Sebuah kebakaran melanda Gereja Katolik Stasi Santo Fransiskus yang berlokasi di Kampung Pomako LS RT 03, Distrik Mimika Timur, Kabupaten Mimika, Papua Tengah, pada Rabu (27/5/2026).
Kepala Kepolisian Sektor Kawasan Pelabuhan Pomoko Iptu Fits Gerald M Nalohy di Timika menjelaskan, api pertama kali terlihat dari dalam bangunan gereja. Peristiwa tersebut diawali dengan munculnya asap tebal yang kemudian disusul kobaran api yang cepat membesar hingga melahap bagian atap dan dinding gereja.

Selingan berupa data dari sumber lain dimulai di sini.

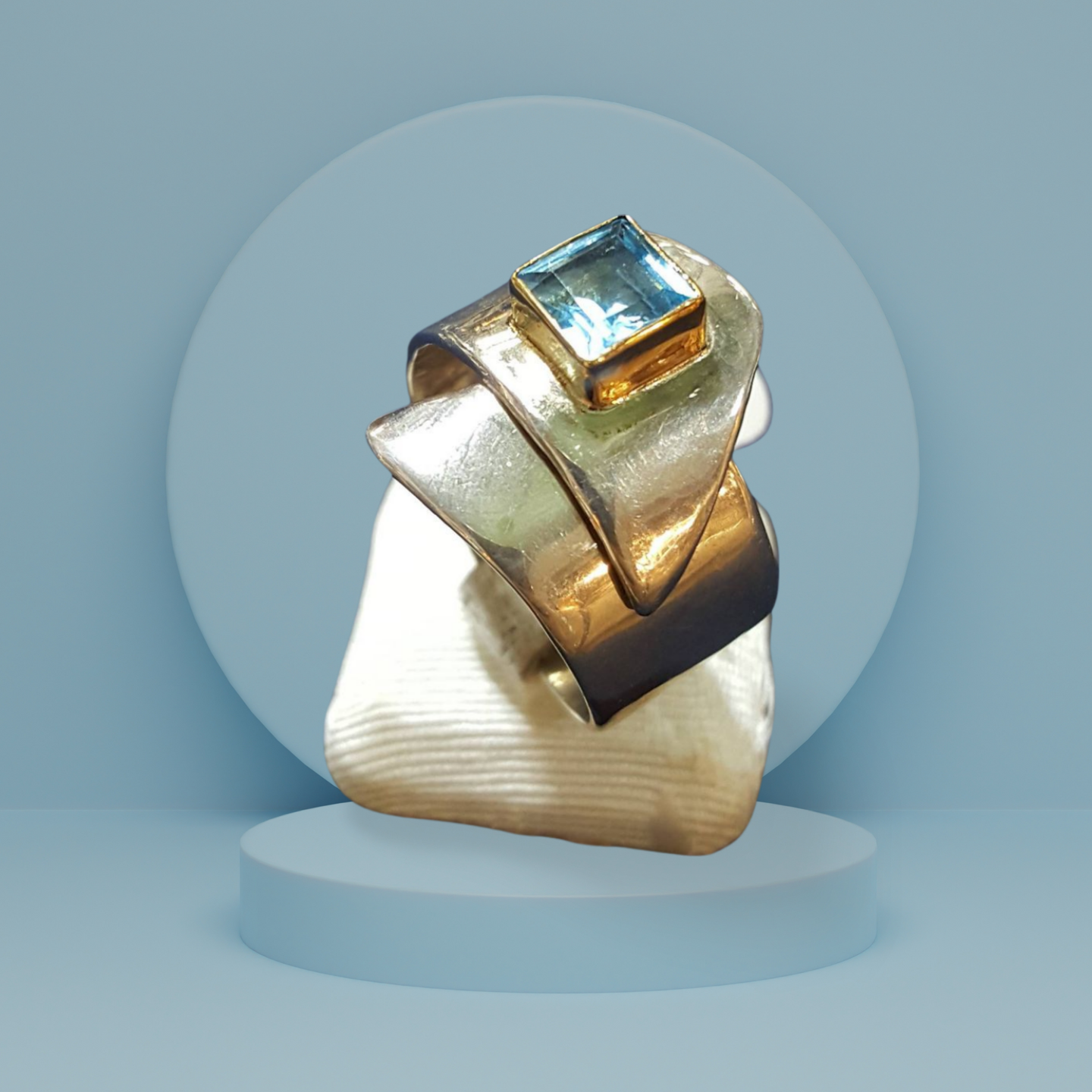 Sterling Silver Ring and Blue Topaz in 18 k. gold, Handmade Ring, Greek Jewelry, modern Ring, Handmade Ring, Greek Jewelry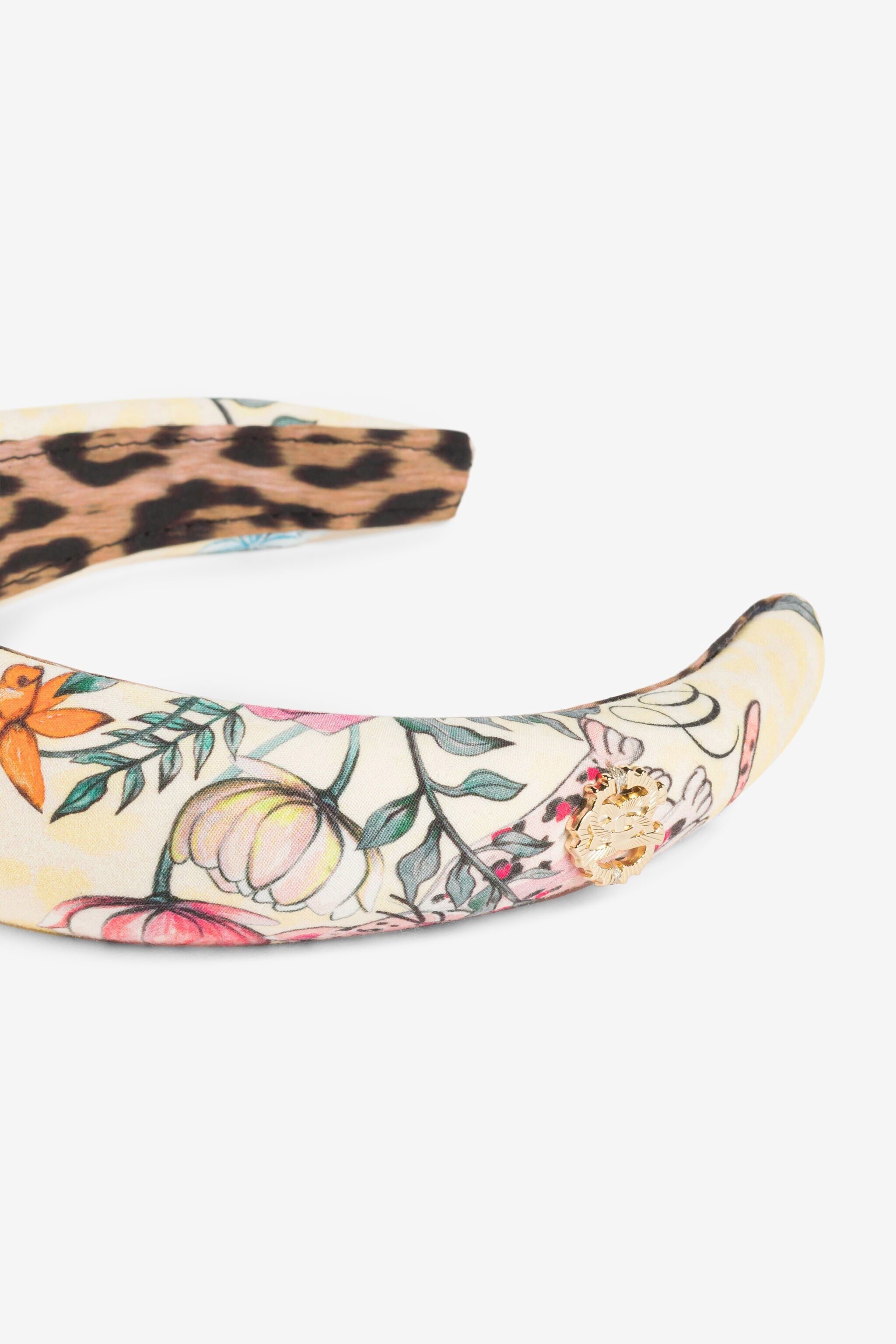 JU Jaguar And Flower-Print Headband Pink QJI004-HBF61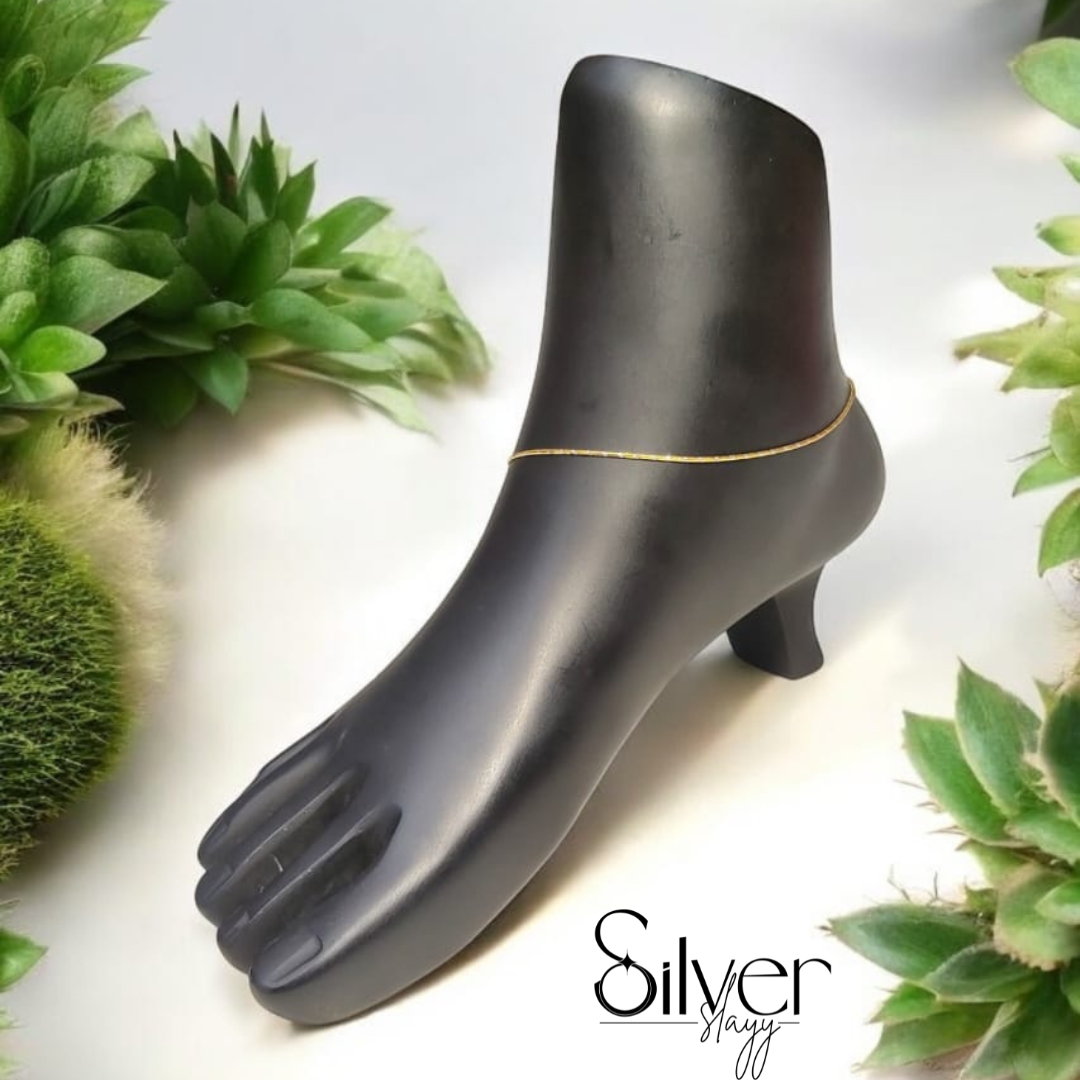 Italian 92.5% Silver Anklet – Slim, Elegant & Golden Polish Finish (10.25 Inches)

Menurut keterangan para saksi di lokasi, kondisi angin yang bertiup cukup kencang dari arah timur turut mempercepat penyebaran api ke seluruh bangunan gereja. Struktur bangunan yang didominasi material kayu juga membuat api dengan cepat merambat.
“Saksi langsung berteriak memanggil warga sekitar untuk segera datang membantu memadamkan api, tetapi karena api sudah membesar dan langsung membakar seluruh gedung gereja, karena bangunan sebagian besar terbuat dari bahan kayu, papan dan anyaman bambu yang mudah terbakar,” ujarnya.
Upaya pemadaman sempat mengalami kendala karena kondisi air laut di Kampung Pomako sedang surut, sehingga warga kesulitan mendapatkan sumber air untuk memadamkan api secara cepat.
Kapolsek Fist menyampaikan, berdasarkan keterangan pengurus gereja, dugaan awal penyebab kebakaran berasal dari lilin yang dinyalakan di depan altar untuk keperluan doa, tetapi diduga tidak dipadamkan dengan benar.
Sebanyak empat unit mobil pemadam kebakaran kemudian tiba di lokasi dan langsung melakukan upaya pemadaman.
Tidak ada korban jiwa maupun korban luka dalam insiden tersebut. Namun, kerugian material diperkirakan mencapai ratusan juta rupiah, mencakup bangunan gereja, meja altar, kursi ibadah, buku-buku lagu, serta perlengkapan liturgi lainnya.
Warga setempat berharap adanya bantuan untuk pembangunan kembali gereja sebagai tempat ibadah umat di Kampung Pomako.
Berdasarkan hasil pemeriksaan awal di lokasi kejadian, penyebab kebakaran disimpulkan kuat berasal dari lilin yang tidak dipadamkan dan diletakkan di area yang tidak aman.